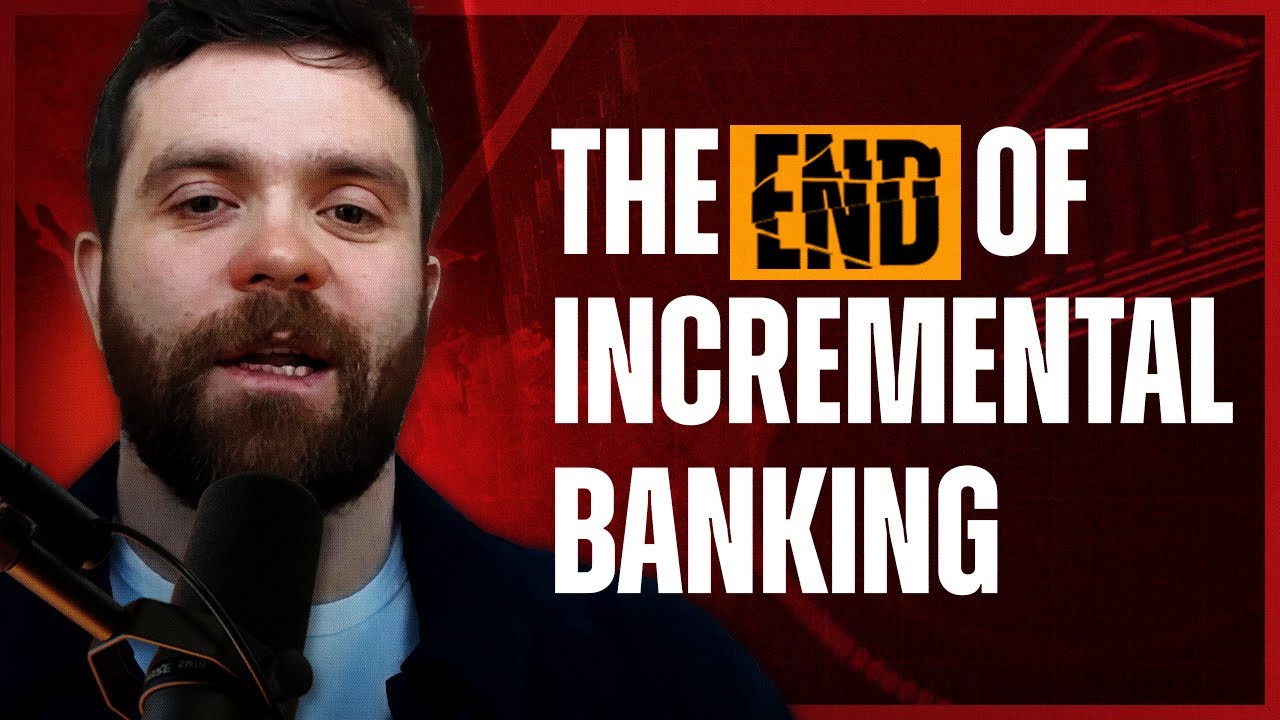 Incremental Changes Create Big Risk for Banking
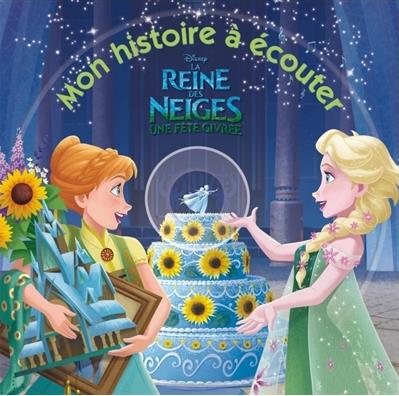 LA REINE DES NEIGES - MON HISTOIRE A ECOUTER - UNE FETE GIVREE - LIVRE CD - DISNEY - AUDIO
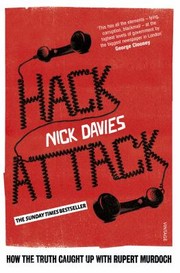 Cover of: Hack Attack: How the Truth Caught up with Rupert Murdoch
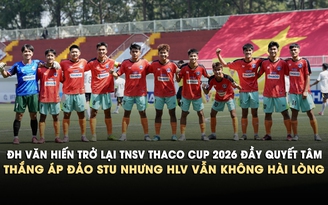 Trường ĐH Văn Hiến thắng áp đảo đối thủ nhưng HLV vẫn không hài lòng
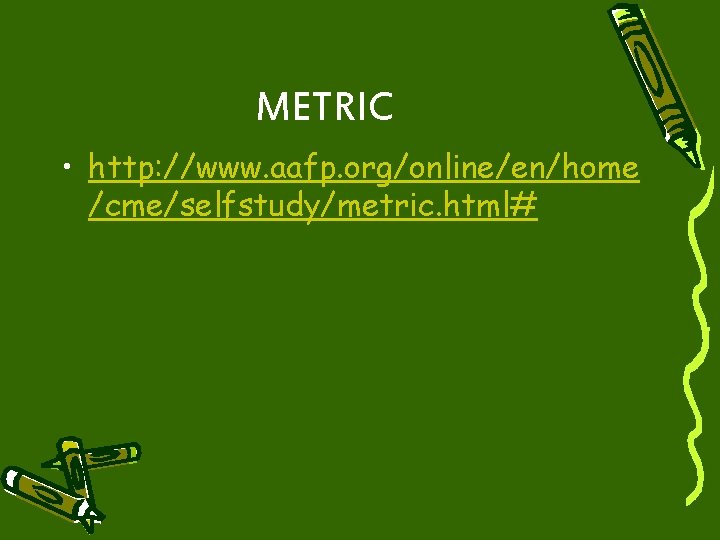 METRIC • http: //www. aafp. org/online/en/home /cme/selfstudy/metric. html# 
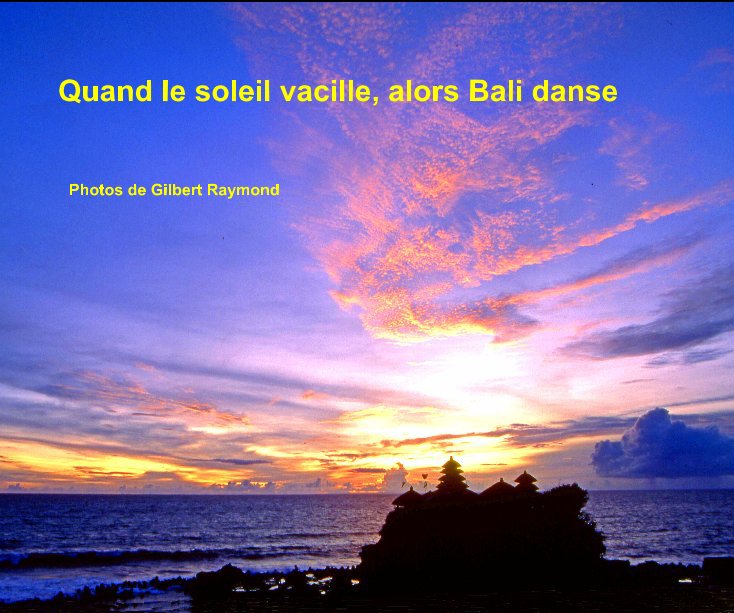 Bekijk Quand le soleil vacille, alors Bali danse op Photos de Gilbert Raymond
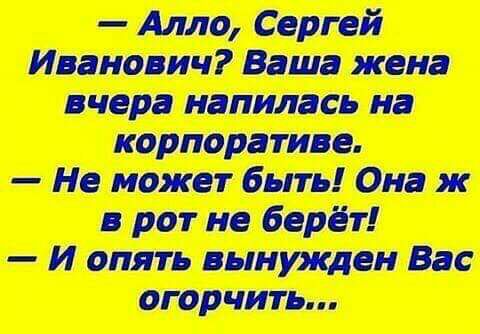 Алло Сергей Иванович Ваша жена вчера напилась на корпоративе Не может быть Она ж в рот не берёт И опять вынужден Вас огорчить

##########

> _EXERCISE DIRECTIONS_
Every line of the data should be transcribed exactly. Omit the images.

> _WORKED SOLUTION_
 Incremental Changes Create Big Risk for Banking
 LA REINE DES NEIGES - MON HISTOIRE A ECOUTER - UNE FETE GIVREE - LIVRE CD - DISNEY - AUDIO
 Cover of: Hack Attack: How the Truth Caught up with Rupert Murdoch
 Trường ĐH Văn Hiến thắng áp đảo đối thủ nhưng HLV vẫn không hài lòng
 METRIC • http: //www. aafp. org/online/en/home /cme/selfstudy/metric. html# 
 Bekijk Quand le soleil vacille, alors Bali danse op Photos de Gilbert Raymond
 Алло Сергей Иванович Ваша жена вчера напилась на корпоративе Не может быть Она ж в рот не берёт И опять вынужден Вас огорчить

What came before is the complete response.